* **EXERCISE DESCRIPTION**:
Images are to be excluded from the copy, and the records below reproduced word for word.

* **SOURCE INFORMATION**:
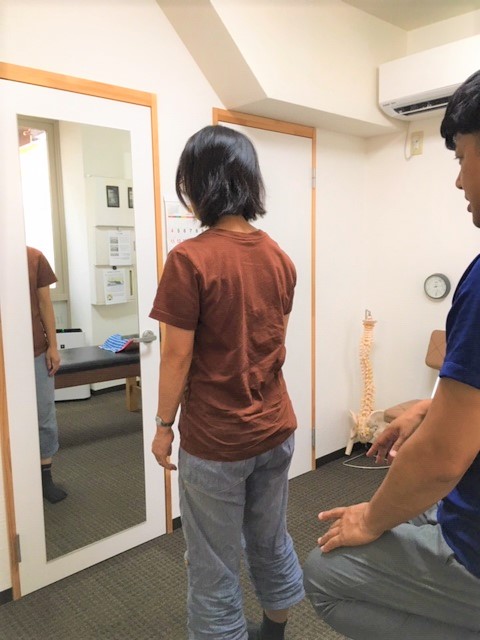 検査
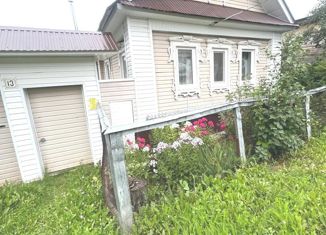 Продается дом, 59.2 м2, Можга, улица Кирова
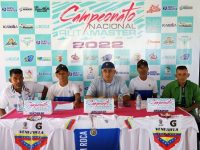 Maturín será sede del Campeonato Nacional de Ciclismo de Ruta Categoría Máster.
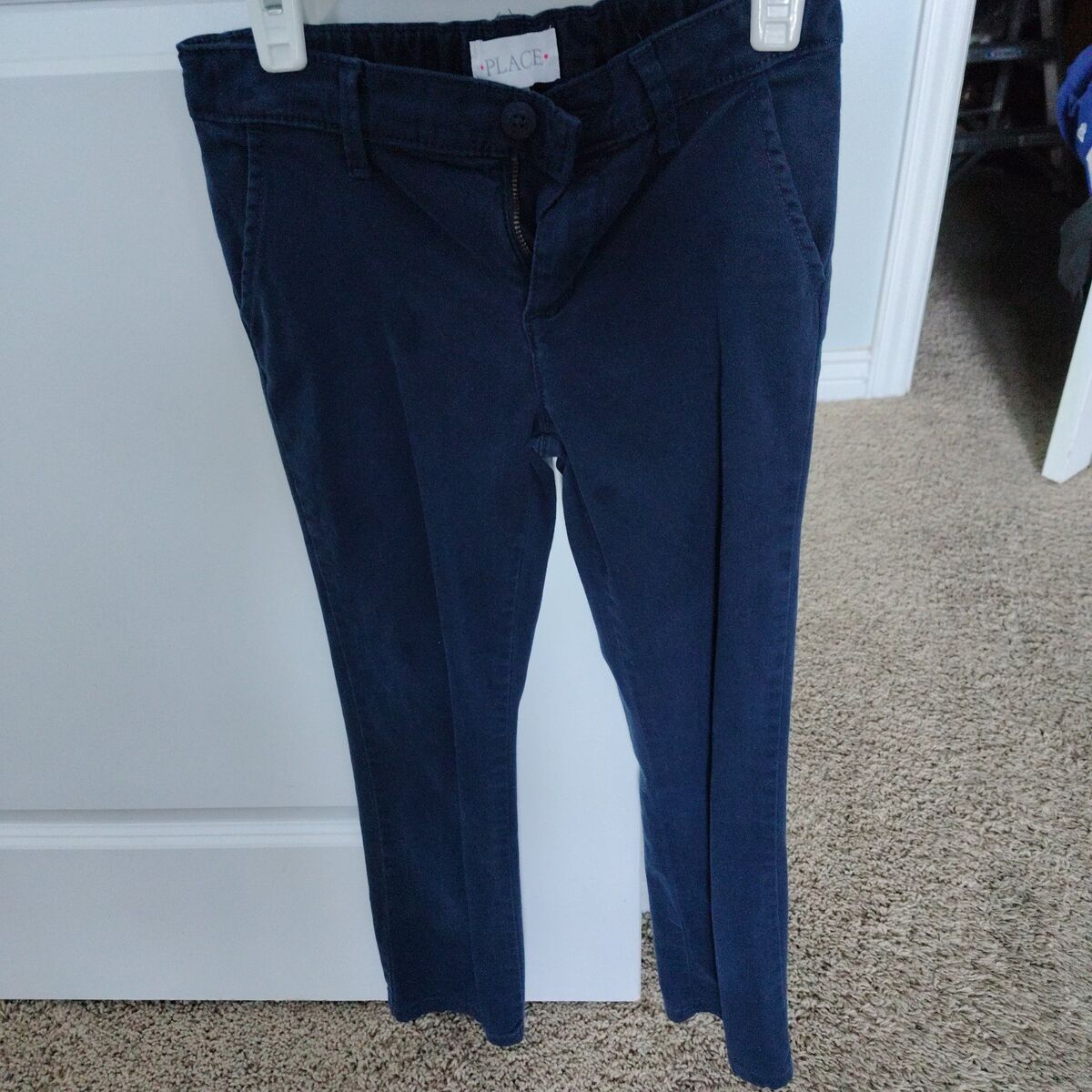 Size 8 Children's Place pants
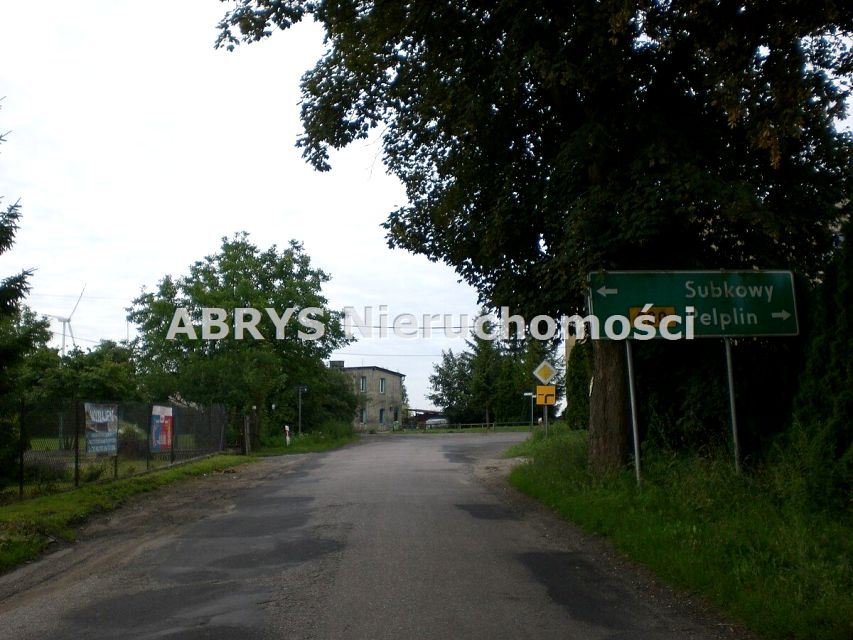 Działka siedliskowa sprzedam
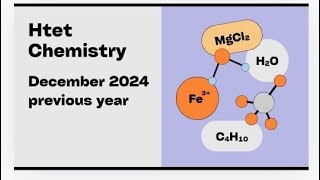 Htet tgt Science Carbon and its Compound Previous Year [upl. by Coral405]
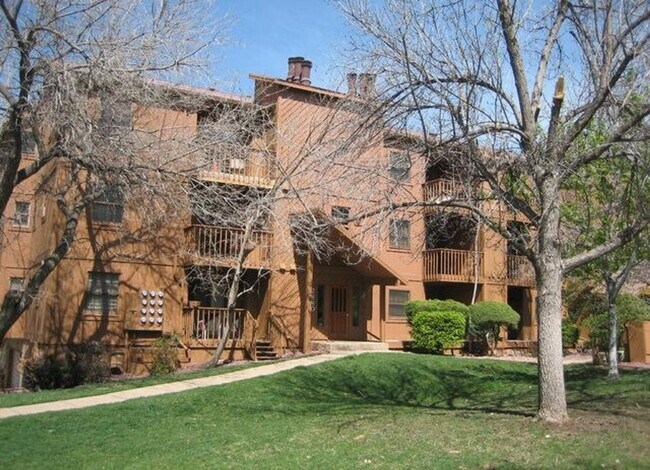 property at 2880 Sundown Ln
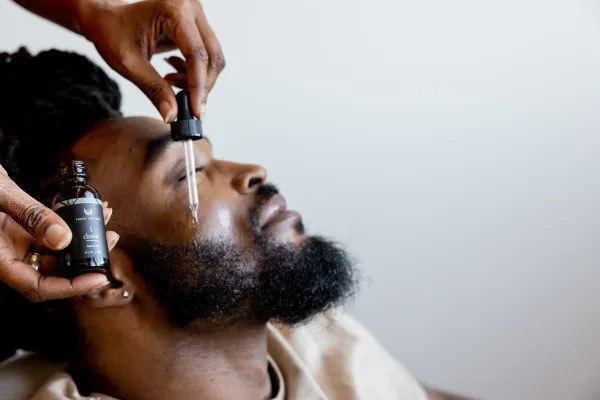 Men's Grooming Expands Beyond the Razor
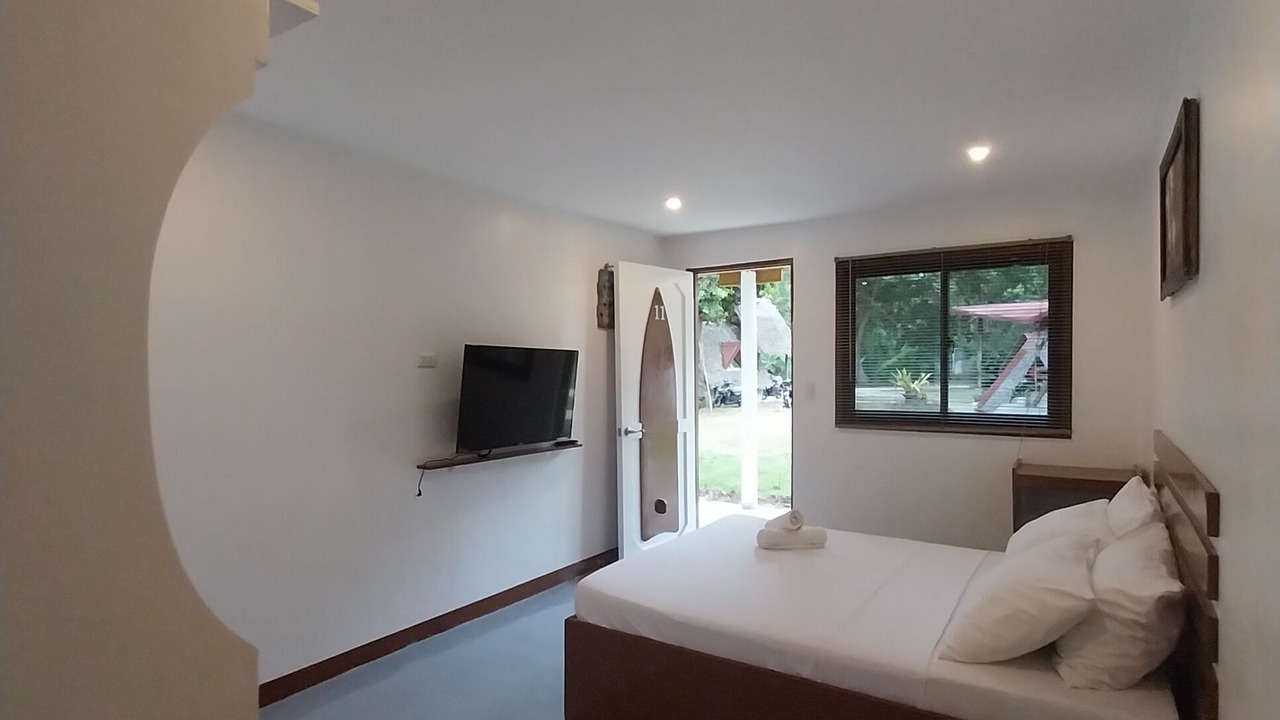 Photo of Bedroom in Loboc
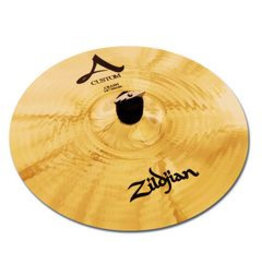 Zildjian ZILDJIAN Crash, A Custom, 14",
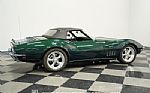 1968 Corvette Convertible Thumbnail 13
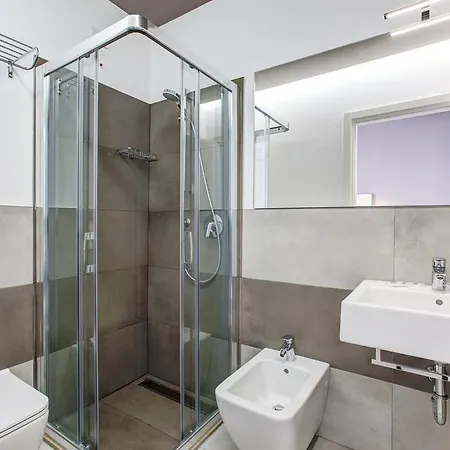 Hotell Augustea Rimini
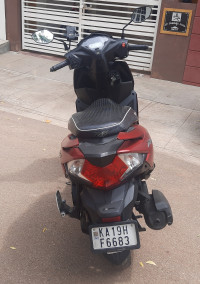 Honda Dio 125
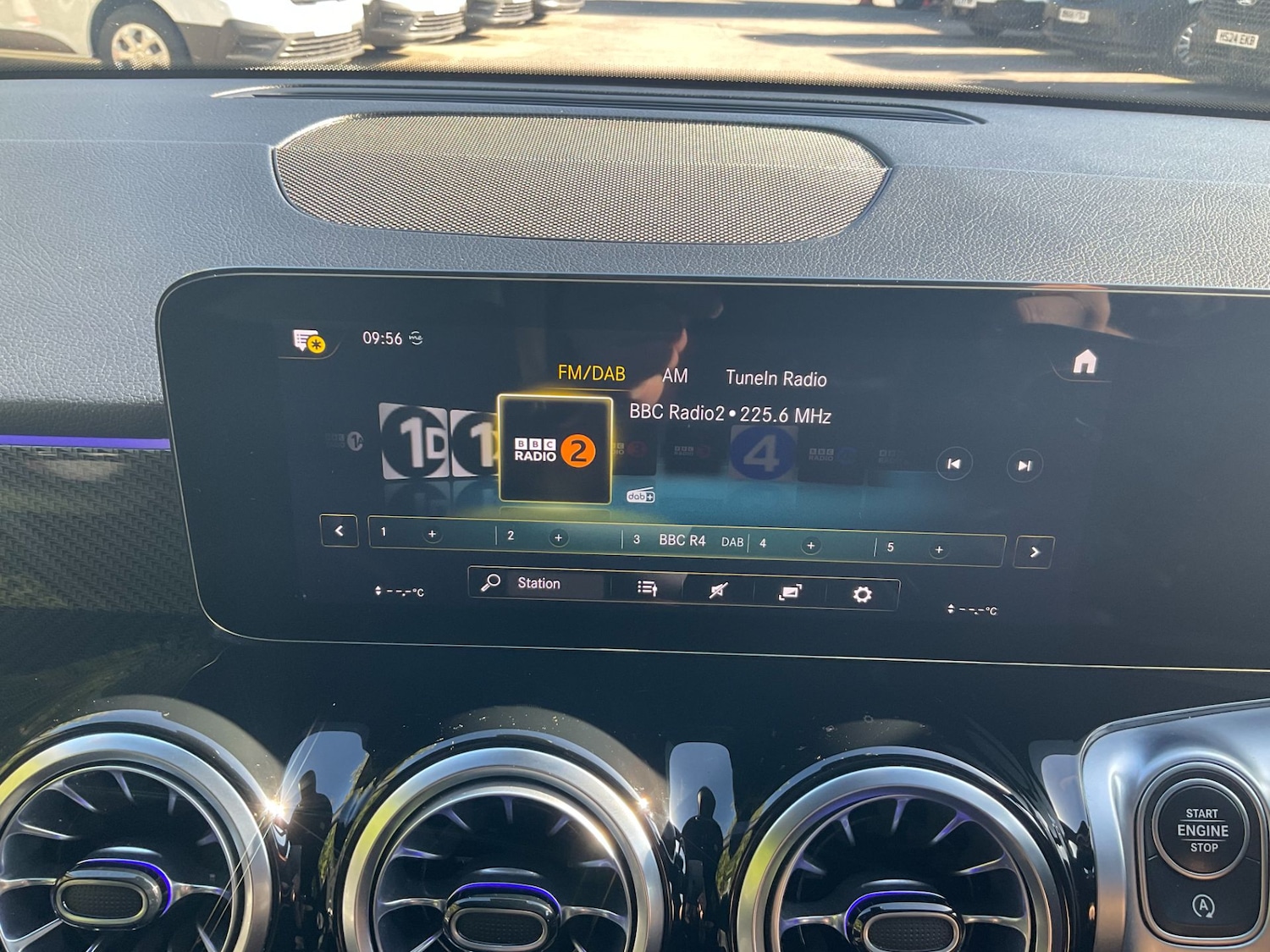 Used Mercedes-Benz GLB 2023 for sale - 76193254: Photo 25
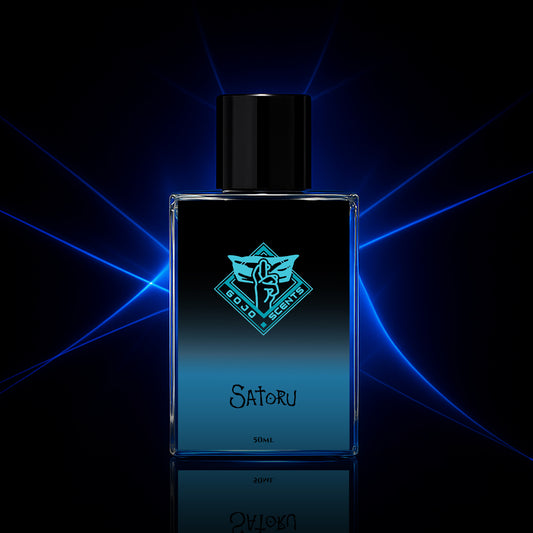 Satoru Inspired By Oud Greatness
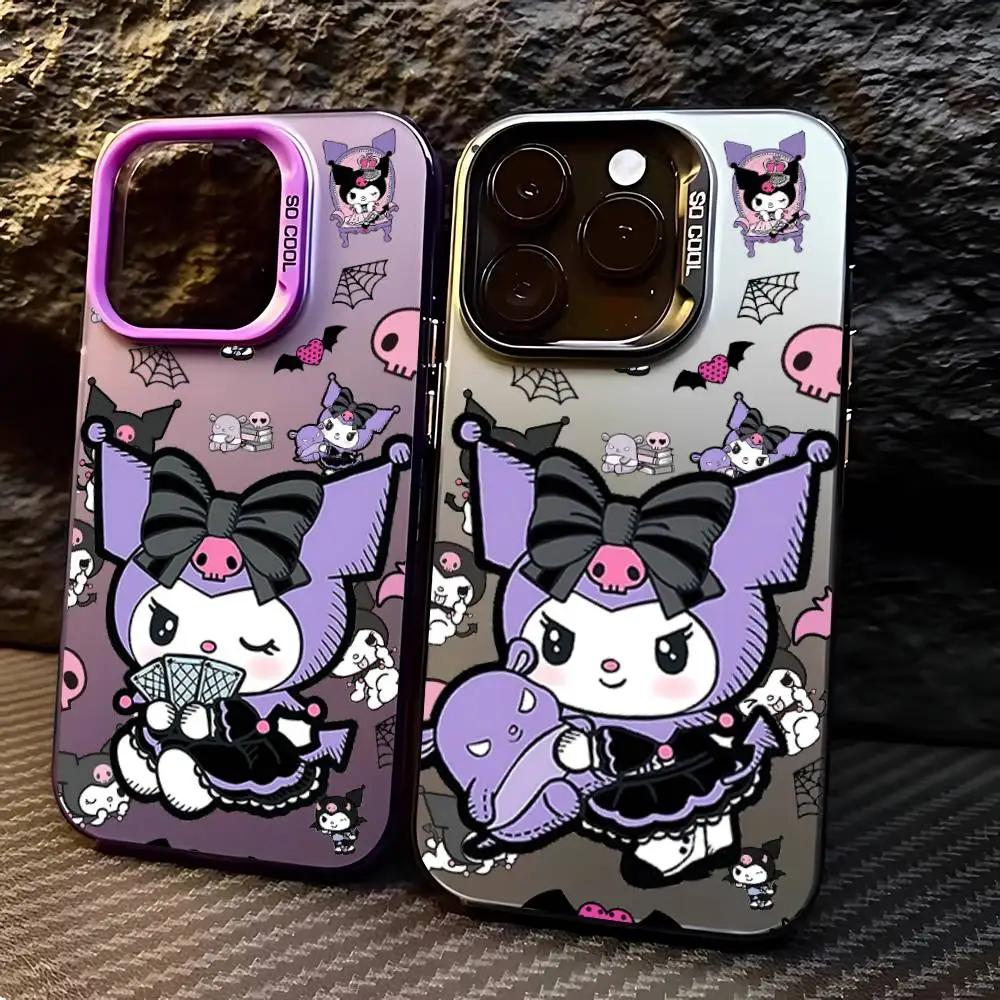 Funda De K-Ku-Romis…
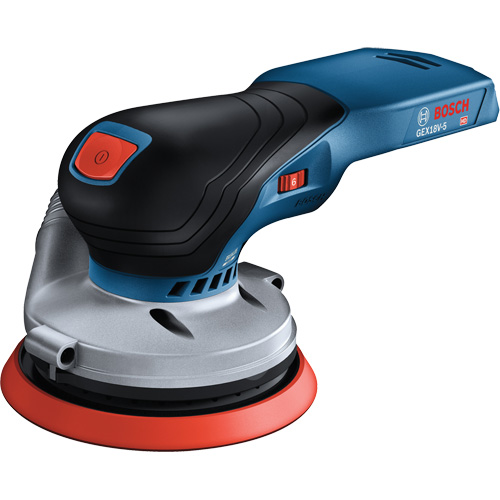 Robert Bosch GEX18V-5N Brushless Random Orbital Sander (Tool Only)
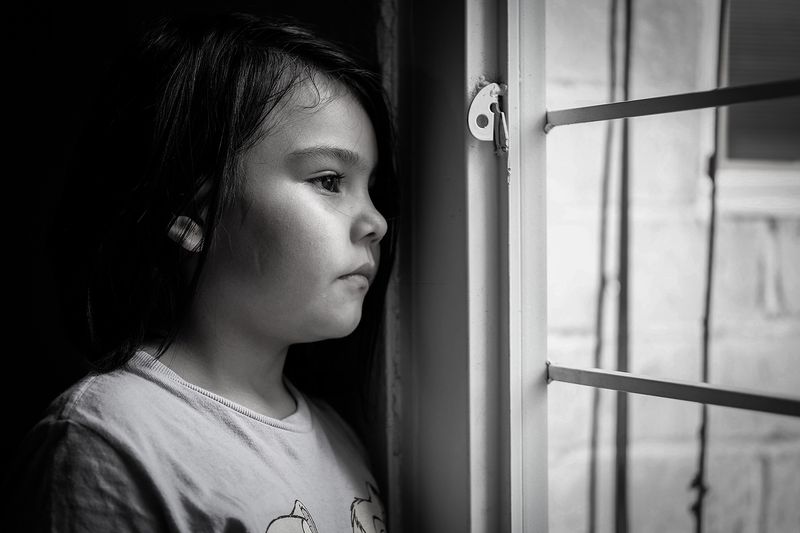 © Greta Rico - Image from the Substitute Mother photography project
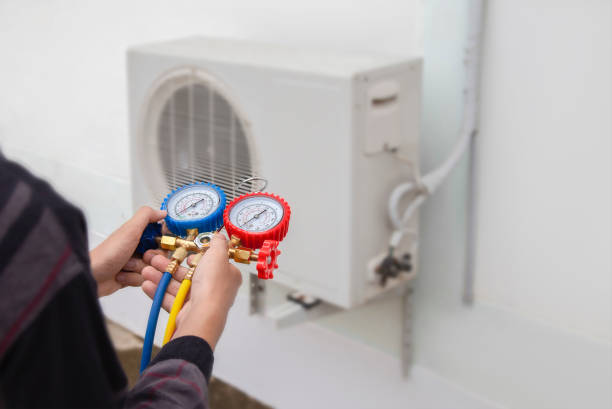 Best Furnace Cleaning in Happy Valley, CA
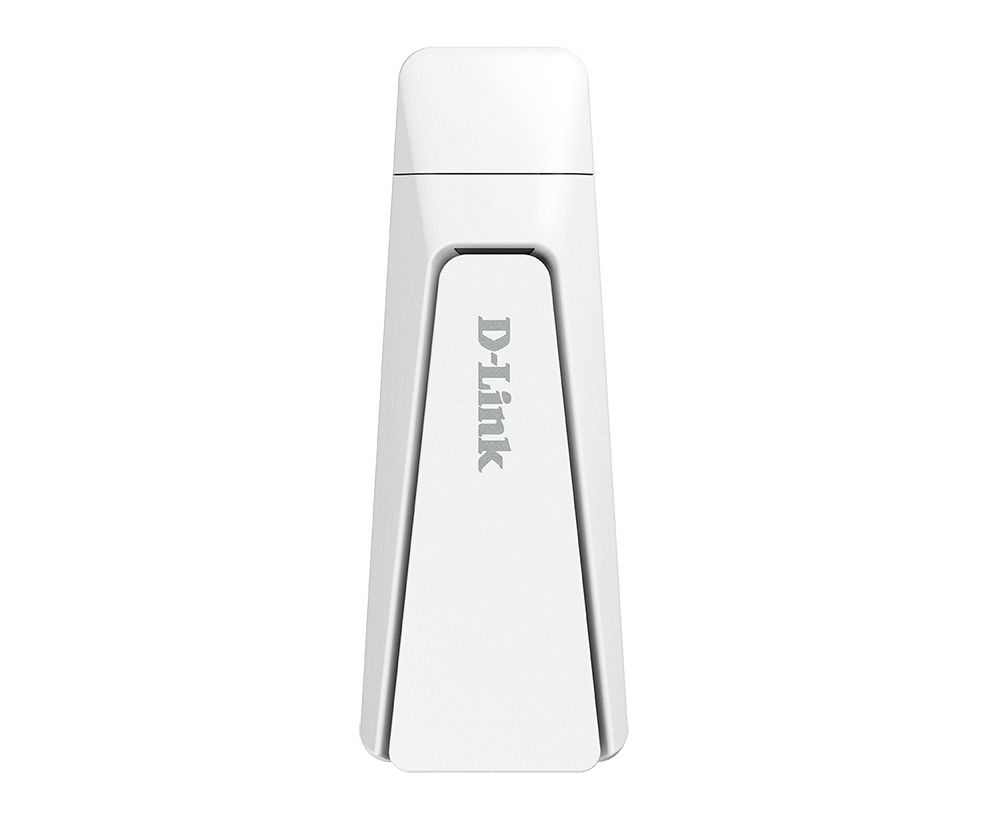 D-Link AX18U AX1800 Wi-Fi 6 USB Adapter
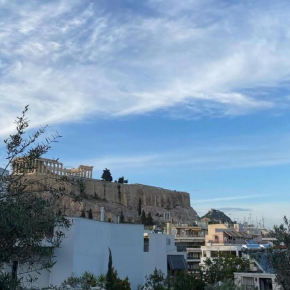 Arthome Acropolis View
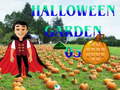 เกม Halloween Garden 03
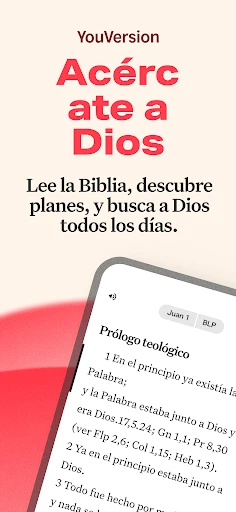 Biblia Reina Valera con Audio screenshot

* **ANSWER TO THIS EXERCISE**:
 検査
 Продается дом, 59.2 м2, Можга, улица Кирова
 Maturín será sede del Campeonato Nacional de Ciclismo de Ruta Categoría Máster.
 Size 8 Children's Place pants
 Działka siedliskowa sprzedam
 Htet tgt Science Carbon and its Compound Previous Year [upl. by Coral405]
 property at 2880 Sundown Ln
 Men's Grooming Expands Beyond the Razor
 Photo of Bedroom in Loboc
 Zildjian ZILDJIAN Crash, A Custom, 14",
 1968 Corvette Convertible Thumbnail 13
 Hotell Augustea Rimini
 Honda Dio 125
 Used Mercedes-Benz GLB 2023 for sale - 76193254: Photo 25
 Satoru Inspired By Oud Greatness
 Funda De K-Ku-Romis…
 Robert Bosch GEX18V-5N Brushless Random Orbital Sander (Tool Only)
 © Greta Rico - Image from the Substitute Mother photography project
 Best Furnace Cleaning in Happy Valley, CA
 D-Link AX18U AX1800 Wi-Fi 6 USB Adapter
 Arthome Acropolis View
 เกม Halloween Garden 03
 Biblia Reina Valera con Audio screenshot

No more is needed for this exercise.